Нетанковые дивизии быстро приобретают способность утроиться, а в данное
время могут быть удвоены. Артиллерии может хватить полностью лишь на 70
дивизий. Офицеров всех родов войск недостает. Тем не менее, можно
предполагать, что к 1 октября 1938 года у немцев будет не менее 56 дивизий
плюс 4 танковые дивизии, то есть 60 полностью снаряженных и вооруженных
соединений типа дивизии. Помимо этого, имеются обученные кадры, достаточные
для укомплектования еще примерно 36 дивизий, уже намеченных по плану. Для
этих дивизий может быть выделено вооружение, стрелковое оружие и небольшое
количество артиллерии, если для некоторой части действующей армии будут
установлены более низкие нормы.
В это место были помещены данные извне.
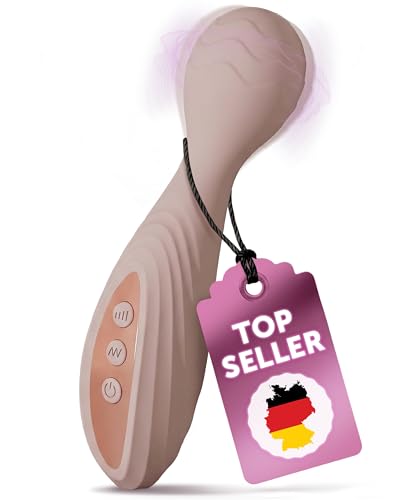 INTIMA SOIE Massagegerät Klitoris Stimulator & Auflegevibrator für Sie | Massagestab | Stimulation & Auflege Vibration für Frauen | Vibratorensets für Frauen | Sex Spielzeug für Paare | Magic Wand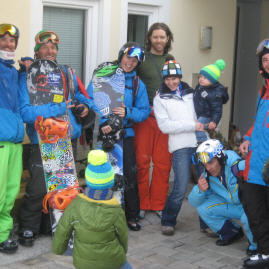 v.l.Jonathan Charlet,Aurèlien Routens,Shannan Yates,Aurélien Ducroz,Mathieu Bijasson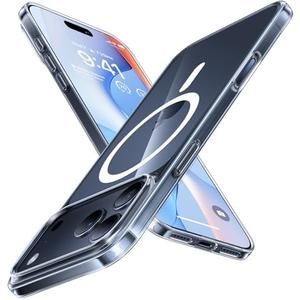 TORRAS Magnetic Slim-Fit for iPhone 17 PRO MAX Case, Ultra-Thin 17 ProMax Phone Case Compatible with MagSafe, Light Anti-Scratch Matte Hard PC Bayer 6.9 inch OriginFit, Clear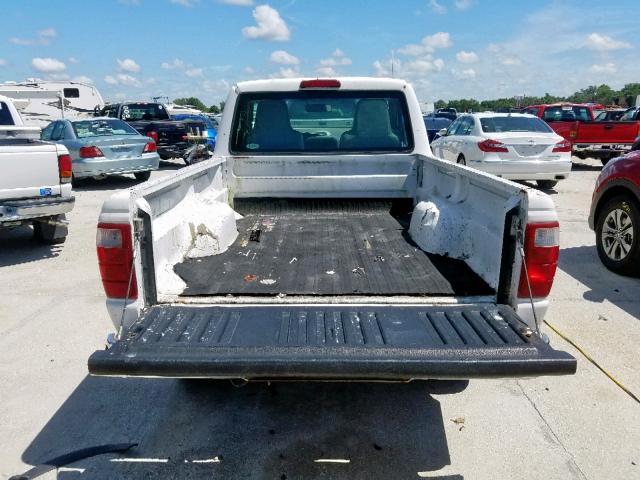 1FTYR10D84PA67783 - 2004 FORD RANGER WHITE photo 6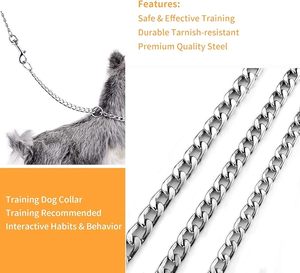 Прочный хромированный регулируемый мягкий ошейник для дрессировки собак с модным животным принтом - Product Image 2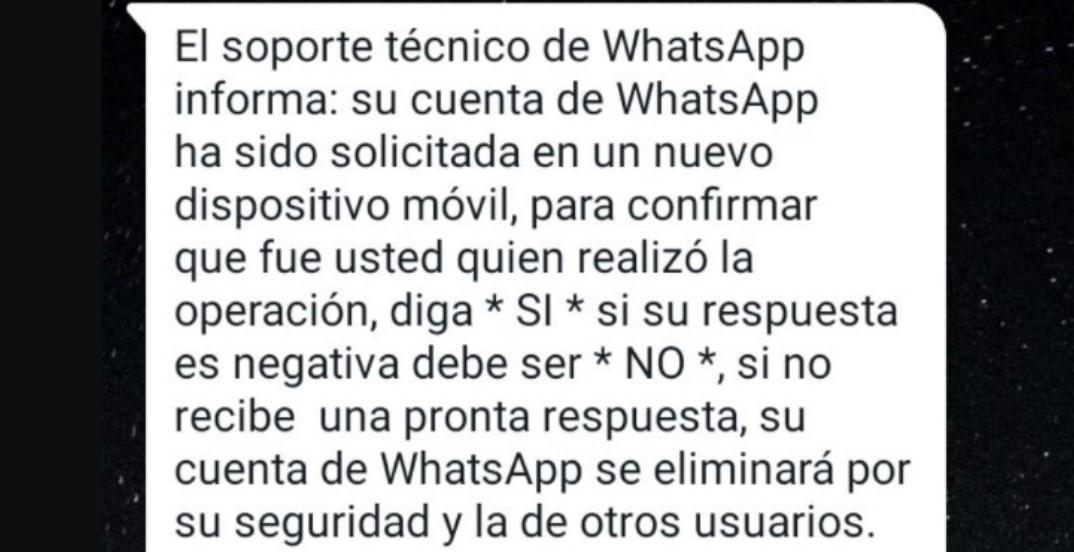 Sigue robo de cuentas de WhatsApp, ahora se hacen pasar por soporte técnico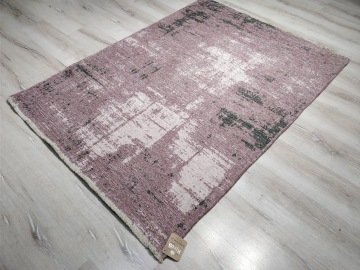 Yamalı Home Maçka 2830 Lila Gri 120x170 cm Çift Taraflı Kilim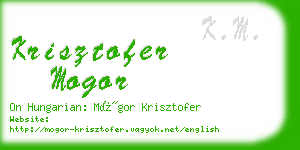 krisztofer mogor business card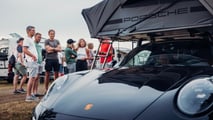Campamento para empleados de Porsche en Le Mans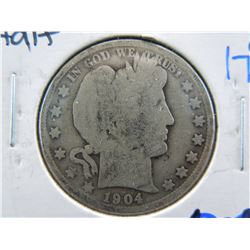 semi key date 1904-o barber half dollar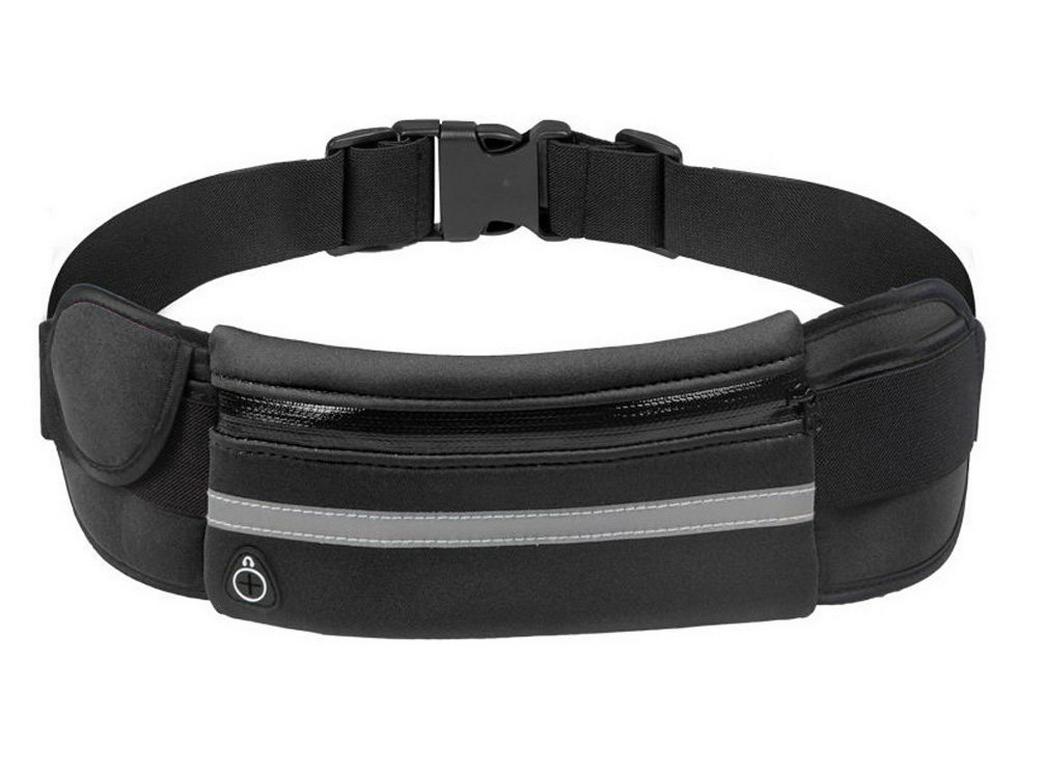 

«Водонепроницаемая поясная сумка с защитой от краж для фитнеса, бега и езды на велосипеде с держателем для бутылки с водой»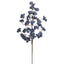 Tallo Berries azul cristalizadas 68 cms - r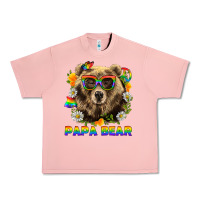Salmon Papa Bear Pride LGBTQ+ Urban Heavy Tee - BundleAndBundleShop
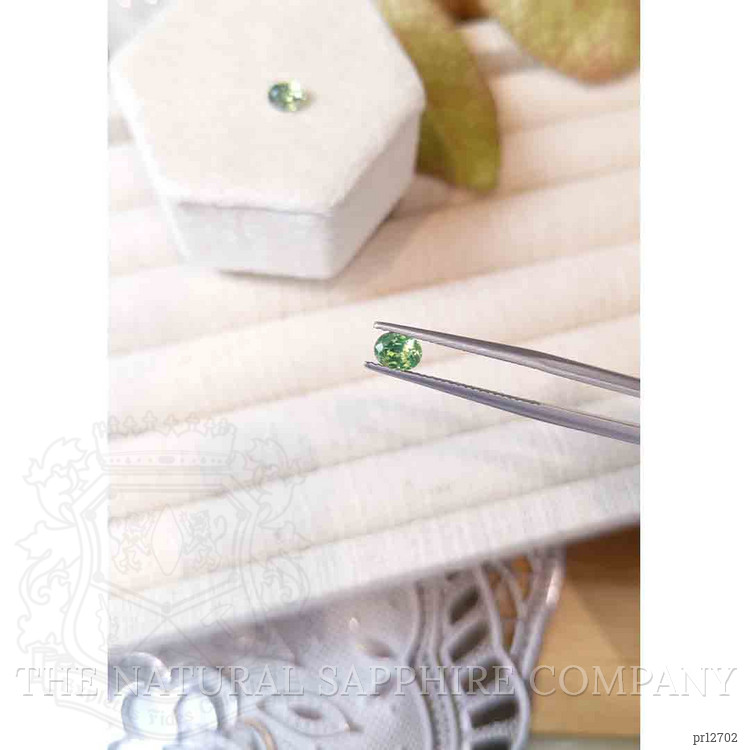 1.27 Ct.Tw. Yellowish Green Sapphire Pair from Madagascar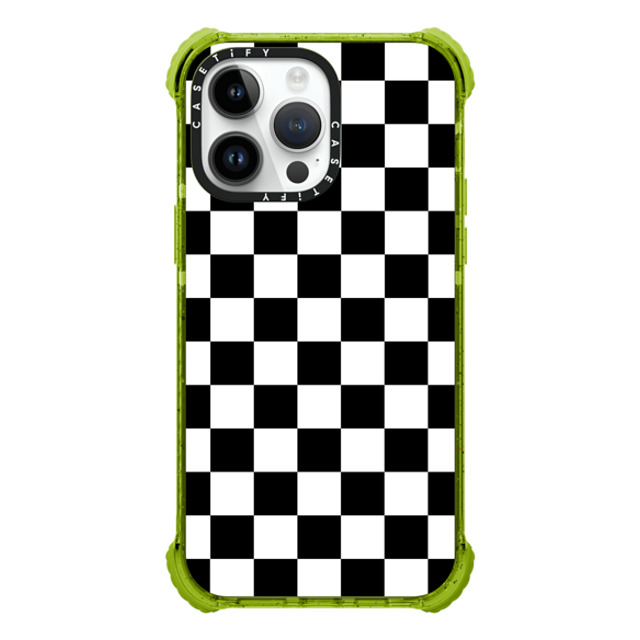 Hyakume x CASETiFY iPhone 14 Pro Max Case Kiwi ウルトラインパクトケース Black White Check Checkerboard Chess Board Two Tone Ska Pattern Hyakume x CASETiFY iPhone 14 Pro Max Case Kiwi ウルトラインパクトケース Black White Check Checkerboard Chess Board Two Tone Ska Pattern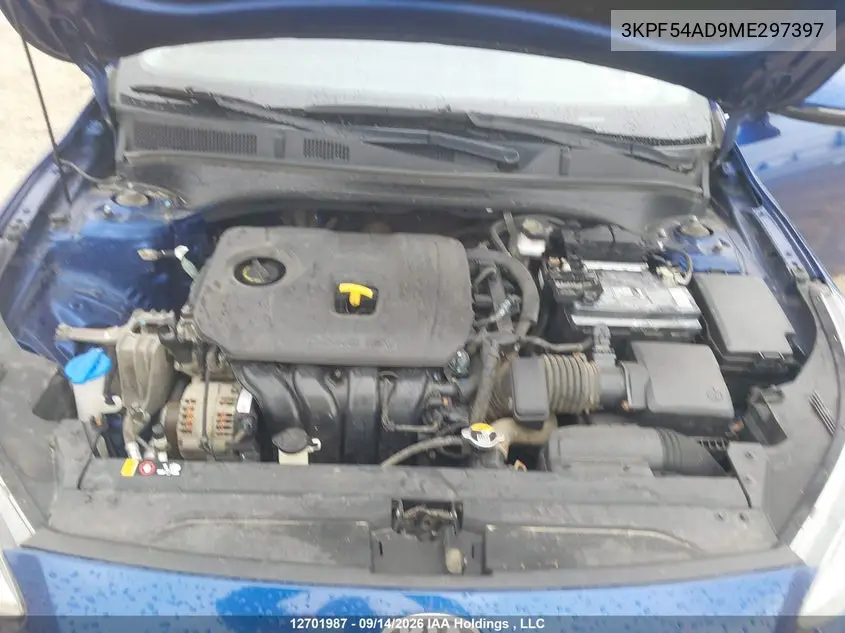 2021 KIA FORTE VIN 3KPF54AD9ME297397 — фото 9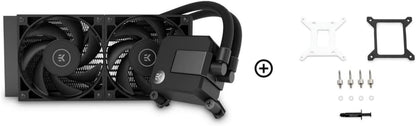 AIO Basic 240Mm All-In-One Liquid CPU Cooler with -Vardar High-Performance PMW Fans, Water Cooling Computer Parts, 120Mm Fan, Intel 115X/1200/2066, AMD AM4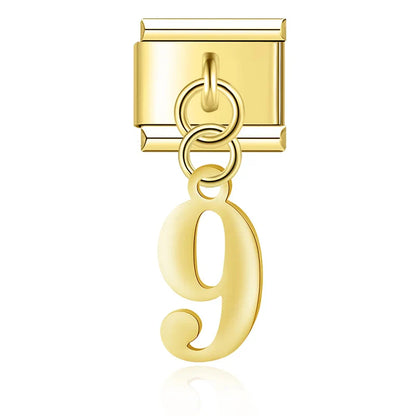 Engraved Floral Oval Single Link Charm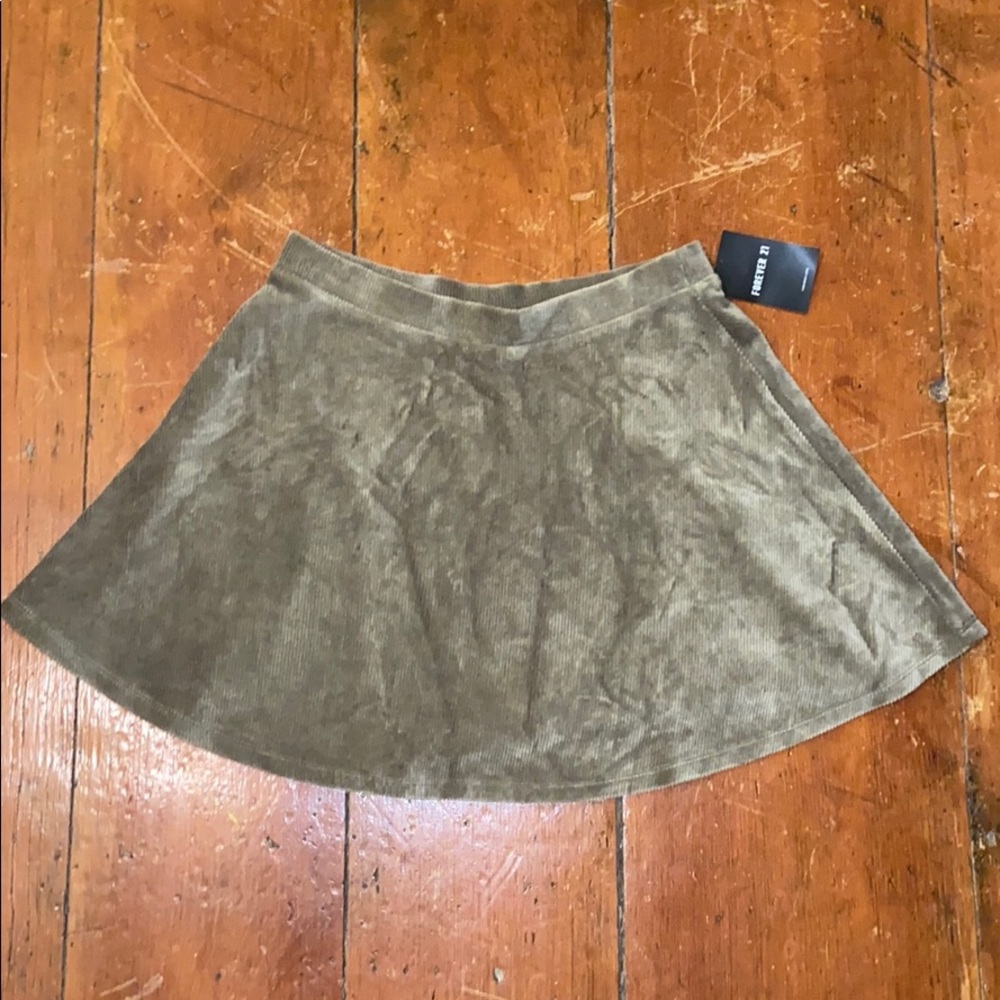 Forever 21 Corduroy Circle Skirt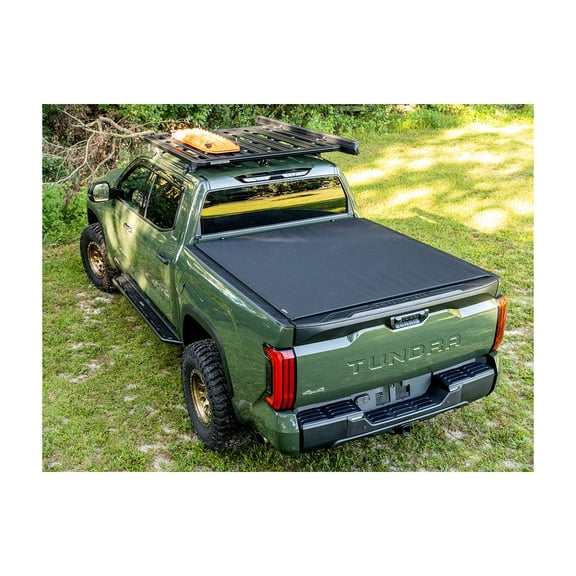 Truxedo by RealTruck Pro X15 Soft Roll Up Tonneau Fits 22-24 Toyota Tundra 5'7" w/Deck Rails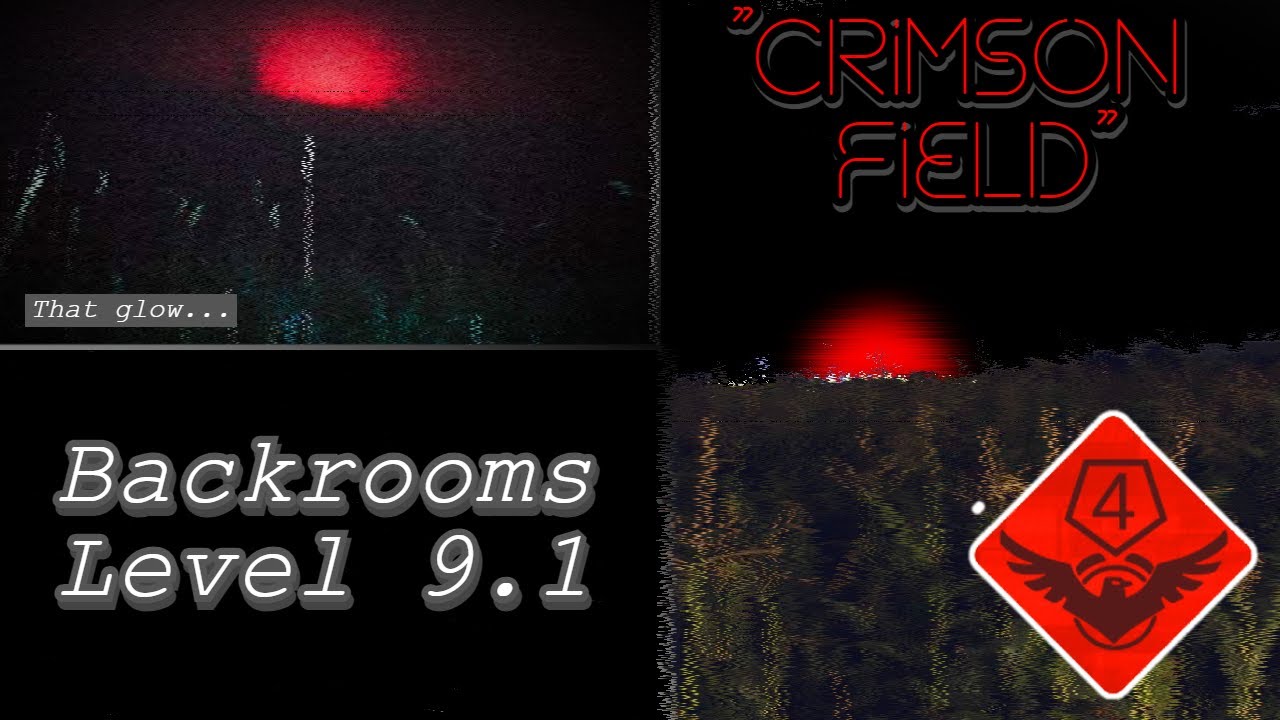 Level 9.1 Of The Backrooms - The Crimson Field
При этом не учитываются людские резервы
Австрии, которая могла бы выставить максимально 12 дивизий, готовых
использовать вооружение и боевую технику германской военной промышленности.
Помимо всего этого, имеется некоторое число людей и частей, не сведенных в
бригады, -- войска пограничной охраны, дивизии ландвера и так далее, которые
сравнительно плохо вооружены".
18 июня 1938 года Даладье написал мне:
"Мне было весьма приятно узнать, что сведения, приведенные в моем
письме от 16 мая, соответствуют Вашим данным.
Я считаю абсолютно правильными все сведения, касающиеся германской
армии, которые были приведены в памятной записке, приложенной к Вашему
письму от 6 июня. Следует отметить, однако, что из 36 дивизий обычного типа,
которыми уже располагает Германия, 4 полностью моторизованы, а 2 будут
моторизованы в ближайшее время".
Сведения, полученные нами после войны из германских источников,
показали, что эта схематическая картина состояния германской армии летом
1938 года была поразительно точной, учитывая, что составлена она была
частным лицом.
На протяжении этого рассказа не раз упоминалось о французской авиации.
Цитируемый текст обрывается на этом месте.